Russian stocks seen decreasing early on falling oil prices
MOSCOW, Jul 25 (PRIME) -- The Russian stock market will likely decline on Monday in the morning on the back of an oil price fall, analysts said.
"Speaking about the global market mood on Monday morning, we can characterize it as moderately negative. The leading Asian floors lost up to 0.8%. The South Korean market is an exception, growing by 0.6%. The futures for the key American indices fell by 0.2%. The nearest Brent futures retrench by 1% to U.S. $97.4 per barrel," senior analyst at financial supermarket Banki.Ru Bogdan Zvarich said.
The new outbreaks of the coronavirus may push the oil prices even further down by worsening investors' consumption expectations, he said. A broad range of risky assets may be under thepressure as well.
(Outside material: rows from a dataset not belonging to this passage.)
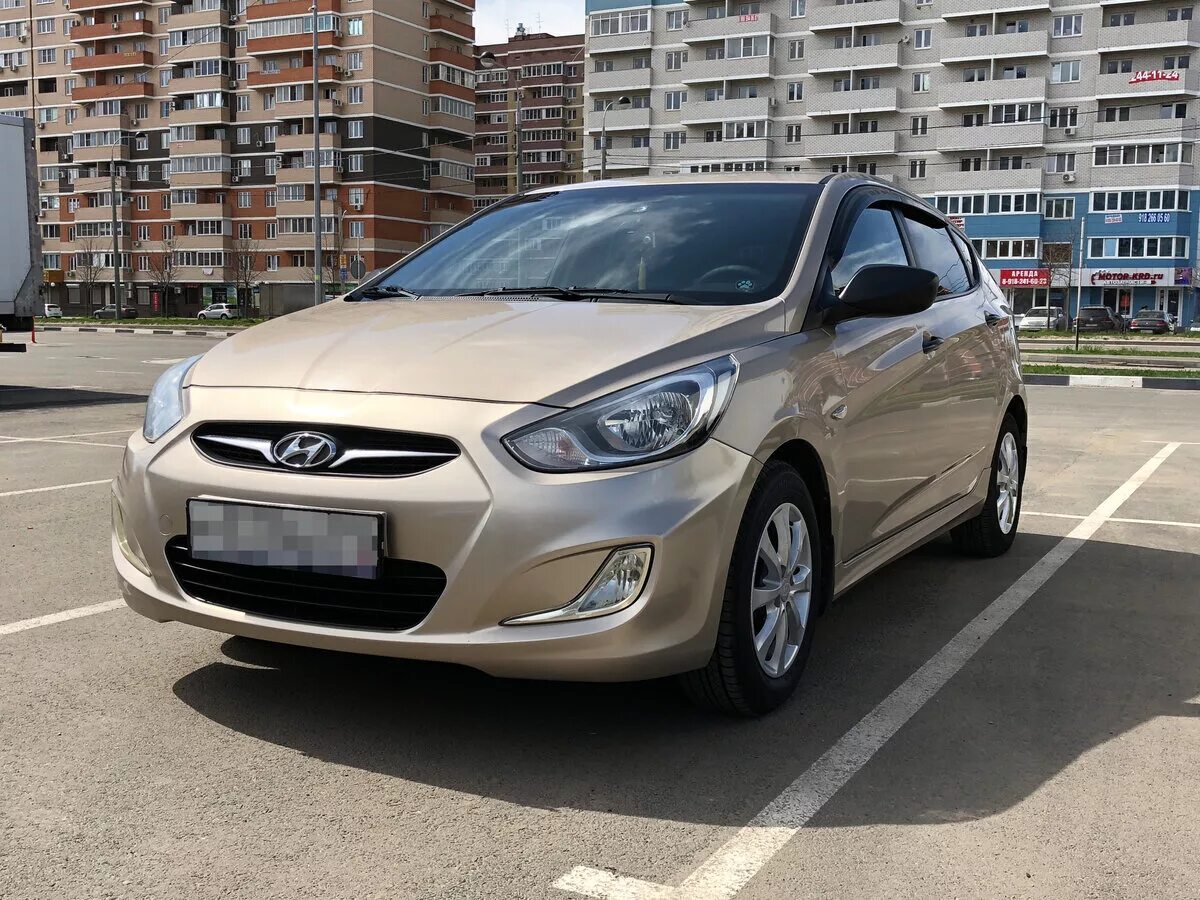 Hyundai solaris 2014 бежевый. Хендай солярис 2013. 6 2019. Хендай бежевого цвета. Hхундай солярис бежевый.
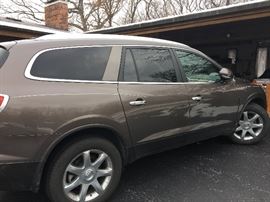 2008 Buick Enclave CXL which has 91,4XX miles, 2 owner,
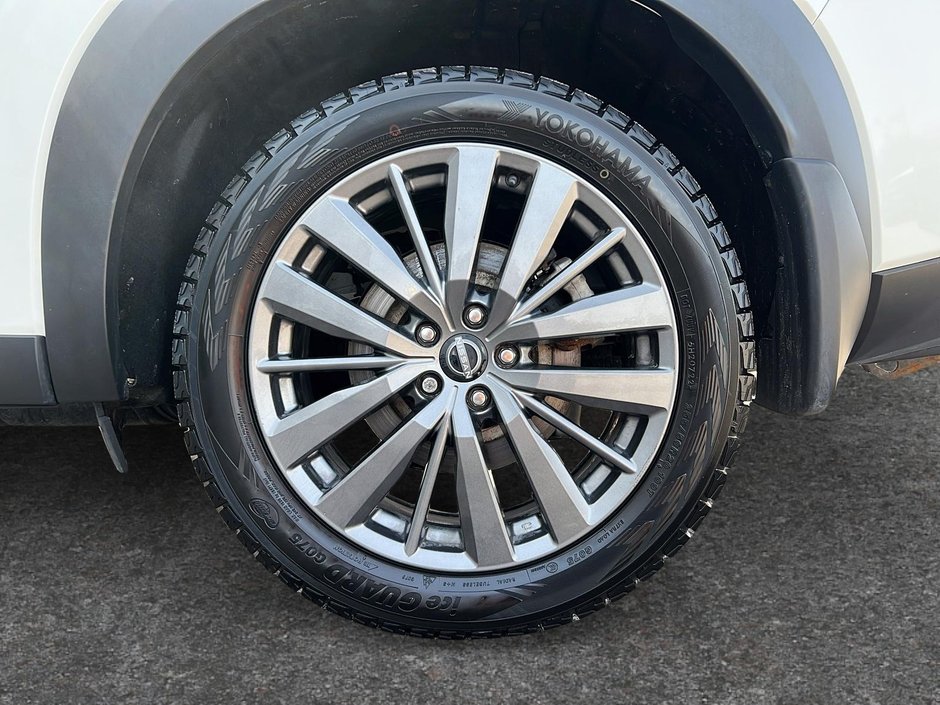 Nissan Pathfinder SL 2022-6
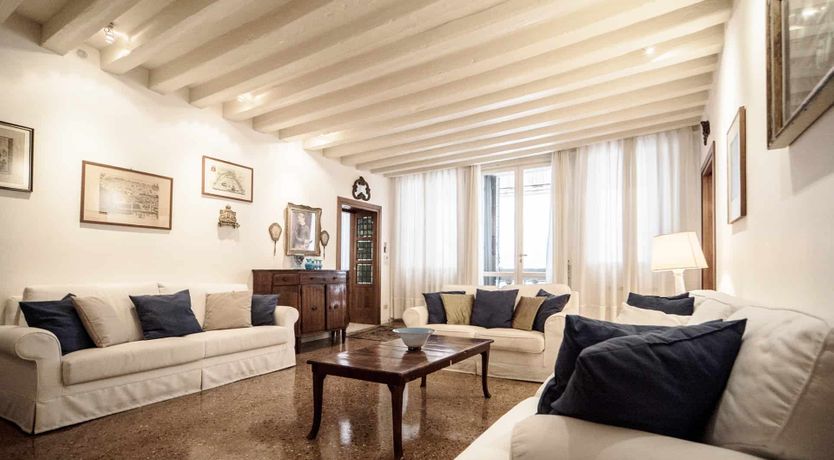 Photo of Arose at Dawn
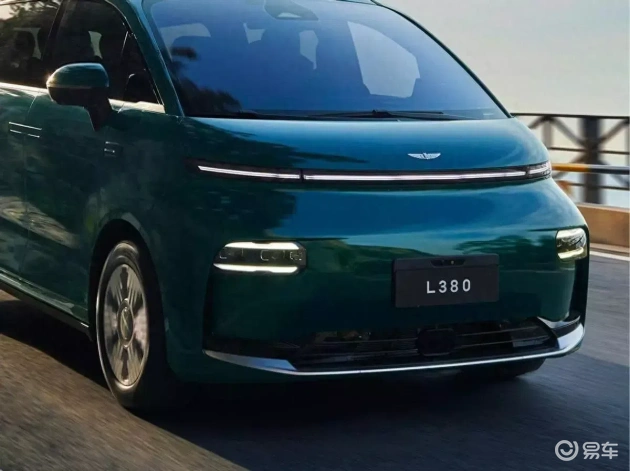翼真L380 VS 岚图梦想家：30万级谁更胜一筹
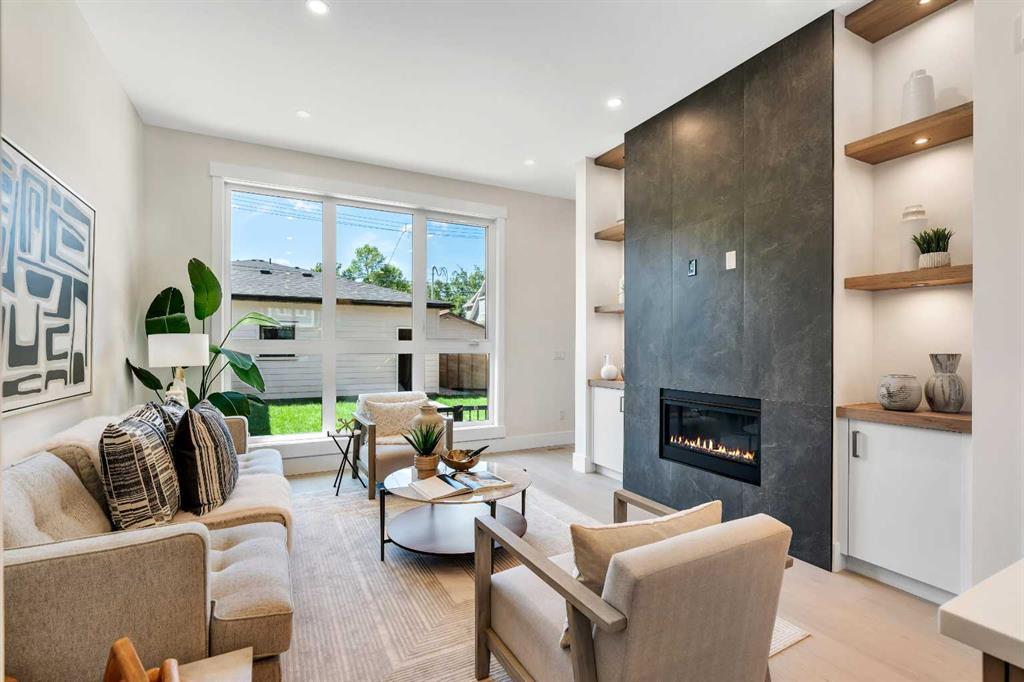 1130a Regent Crescent Northeast, Calgary – Residential Semi Detached Listing Photo 14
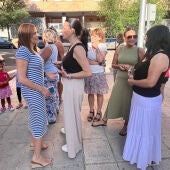 Concejalas socialistas asisten a la concentración de las AMPAS para climatizar los centros. 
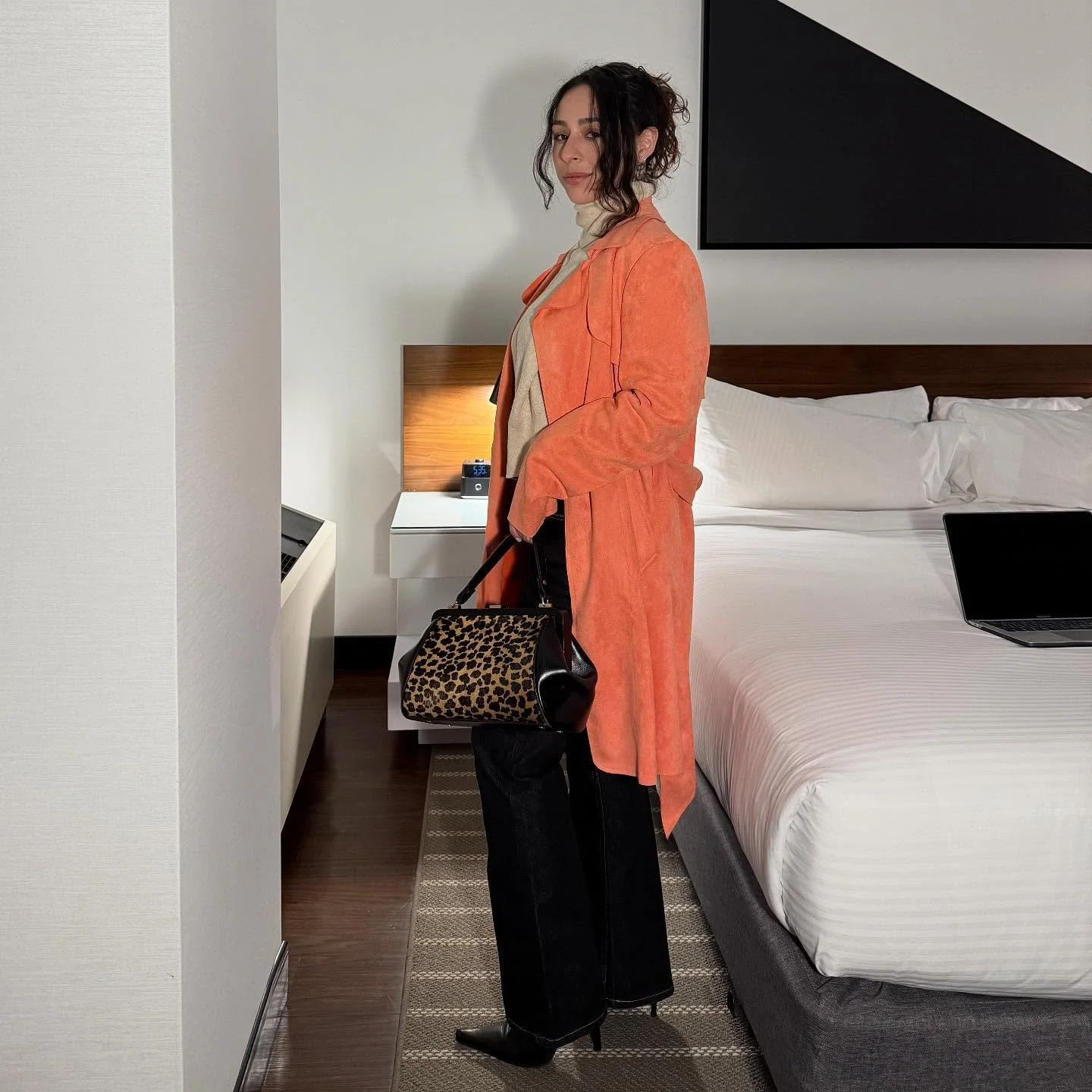 A statement piece that roars with timeless style and mid-century sophistication ✨ available on website 

#thrift #thrifting #thriftshop #thriftmurah #vintage #preloved #thriftstorefinds #thrifted #secondbranded #secondhand #fashion #thriftedfashion #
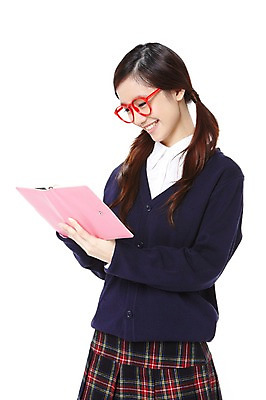 포토 JPG 스튜디오촬영 외국인 해외기획촬영 학생 라이프스타일 긴머리 응시 2012년태국 여학생 여자 교육 교복 안경 청소년 양갈래머리 여고생 고등학생 실내 한명 서기 미소 웃음 들기 누끼 사람 동양인 상반신 옆모습 10대 스쿨라이프 십대라이프스타일 다이어리 기록 여자만 여자한명만 십대만 십대여자만 십대여자한명만 안경낌 국내포토 1 헤어스타일 시선 잡화 옷 뷰포인트 학교 모션 표정 인종 내부 생활 사무용품 파일형식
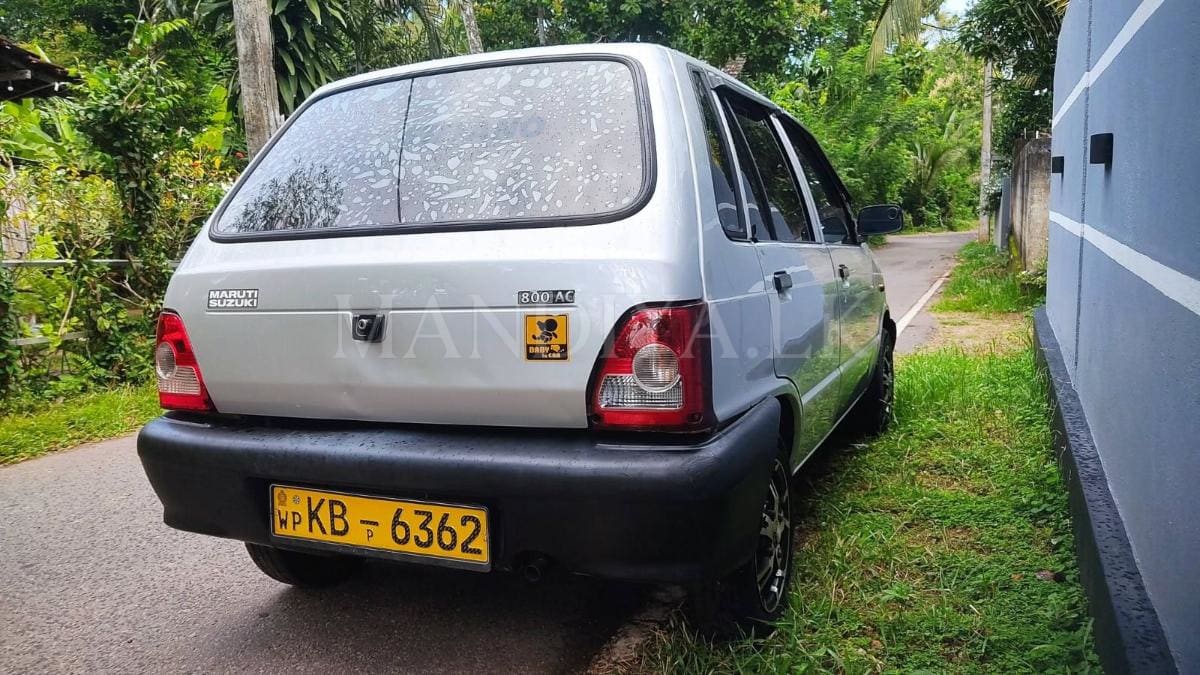Suzuki Maruti 800 2006 Car 4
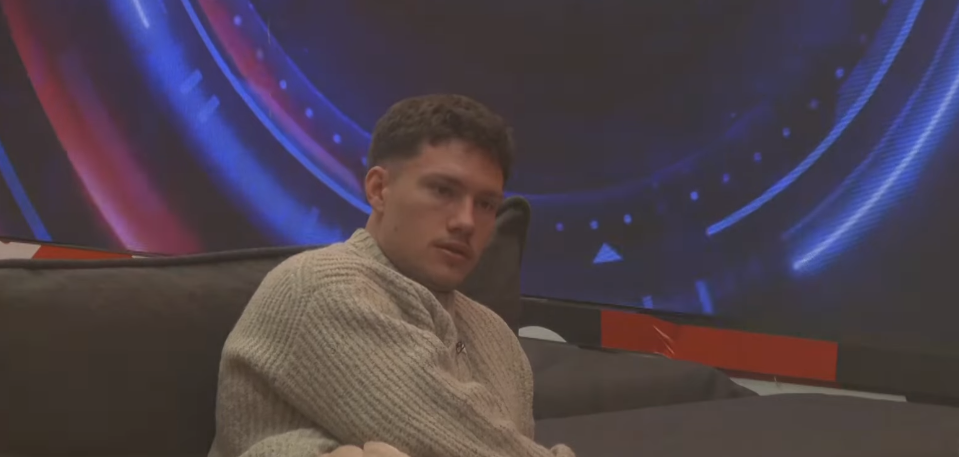 Sara s'e do Drilonin me flokë 'silver'! (VIDEO)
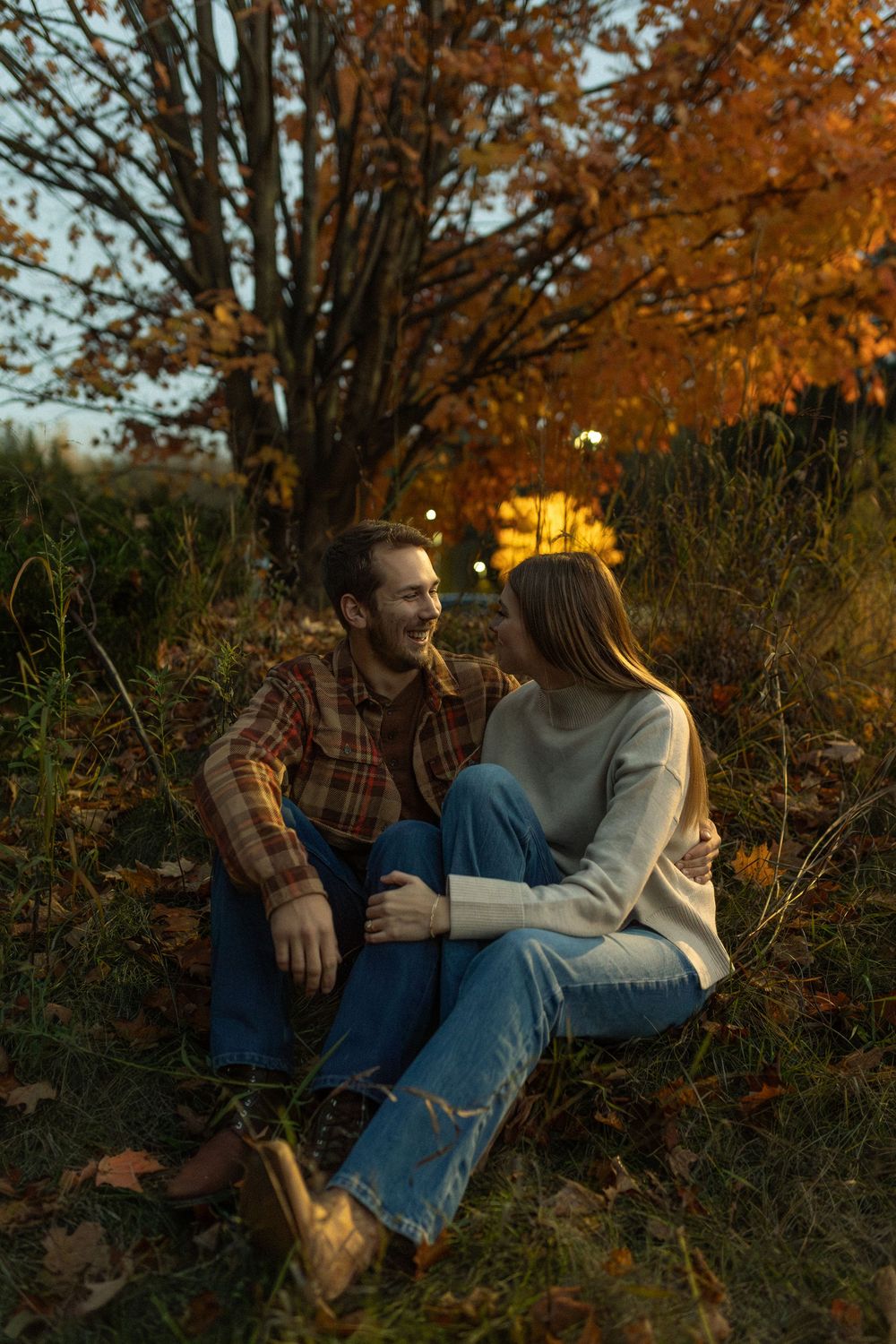 Fall engagement photographer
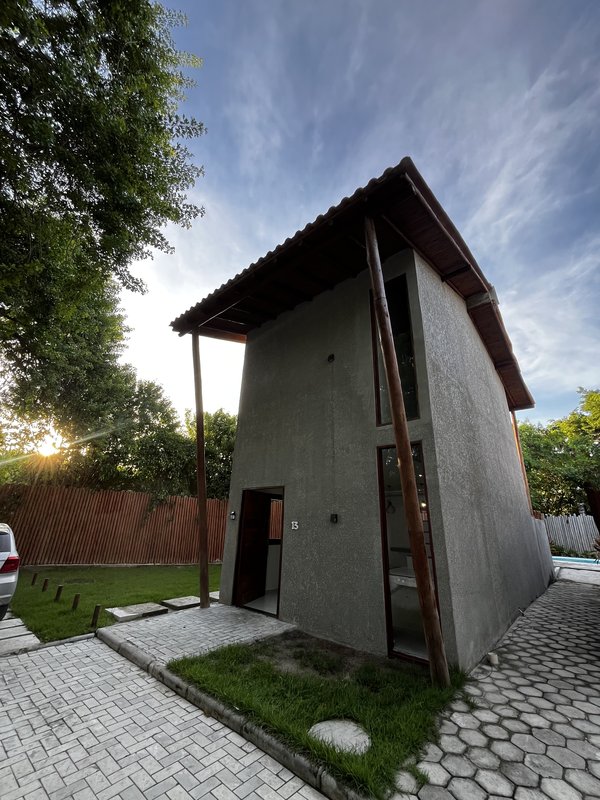 Casa de 2 dormitórios em condomínio / estrada da balsa / aceita fazer sublocação Estrada da balsa  Porto Seguro -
According to Zvarich, investors are waiting for a meeting of the U.S. Federal Reserve System (Fed) later this week and expect a key rate increase by 75 basis points to 100 bp. Comments to the decision will be important to understand later activities of the authority.
According to Zvarich, the MOEX Russia Index would likely be under the pressure for the entire session and will fall to 2,050–2,080. A scenario of a deeper decline to 1,950 remains most probable, while consolidation above 2,200 seems unlikely.
Director of BCS Broker’s stock market experts department Vasily Karpunin said that the central bank’s July 22 cut of the key rate has not been fully priced in by the Russian market, which is why a positive impact of the step will remain on Monday.